Hollywood tem uma quedinha por anti-heróis. Principalmente aqueles que ficam milionários e depois rendem boas histórias inspiradas em fatos reais. Nesse contexto, a protagonista de A Grande Jogada (Molly’s Game) é quase uma versão feminina de O Lobo de Wall Street (The Wolf of Wall Street), mas trocando a bolsa de valores por jogos de pôquer.
Molly Bloom (interpretada pela sempre ótima Jessica Chastain) foi uma garota que cresceu com a pressão de ser a melhor, tanto nos estudos quanto no esporte. Assim como a protagonista de Eu, Tonya (I, Tonya), que vivia sob o olhar duro e rigoroso da mãe, constantemente buscando um pouco de aprovação, Molly era uma esquiadora focada e dedicada, levada ao limite pelo pai (Kevin Costner). No entanto, competindo nas Olimpíadas, ela sofreu um acidente que colocou um fim prematuro à sua carreira como atleta.
Com uma mente brilhante e muita criatividade, Molly deu a volta por cima ao conhecer o empresário Dean Keith (Jeremy Strong) e organizar para ele uma mesa informal de jogos de pôquer. O diferencial? Só podiam jogar celebridades e milionários de Los Angeles, em uma espécie de clube fechado com encontros semanais. Não demorou muito para que Molly soubesse exatamente o que fazer para criar seu próprio império.

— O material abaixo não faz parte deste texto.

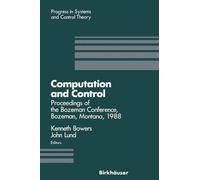 Kenneth L. Bowers John Lund Computation and Control (Tascabile)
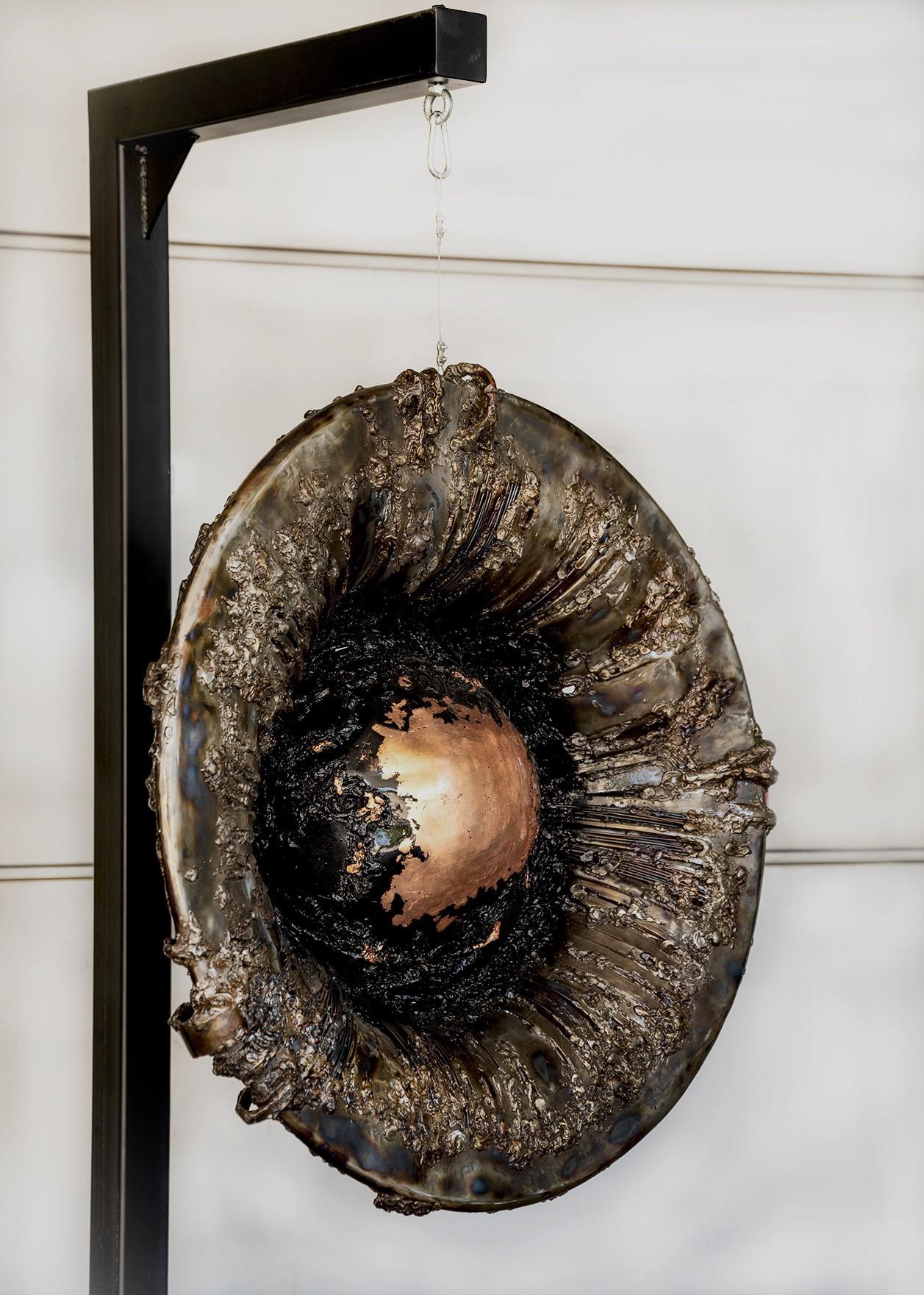 Scultura da parete "Vortex" 39 x 39 x 8 in Ed. 1/2 di ILLYA TIGOIS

Embora tenha quebrado algumas leis aqui e ali, Molly conseguiu se manter na legalidade por um período suficiente para ganhar milhões. Charmosa e inteligente, ela era a personificação do que os norte-americanos mais adoram: a pessoa audaciosa que usa o sistema contra ele mesmo, para se dar bem. A ambição, no mundo capitalista, é o pecado mais perdoável de todos – afinal, quem é que não quer ser rico e fazer parte da elite da sociedade?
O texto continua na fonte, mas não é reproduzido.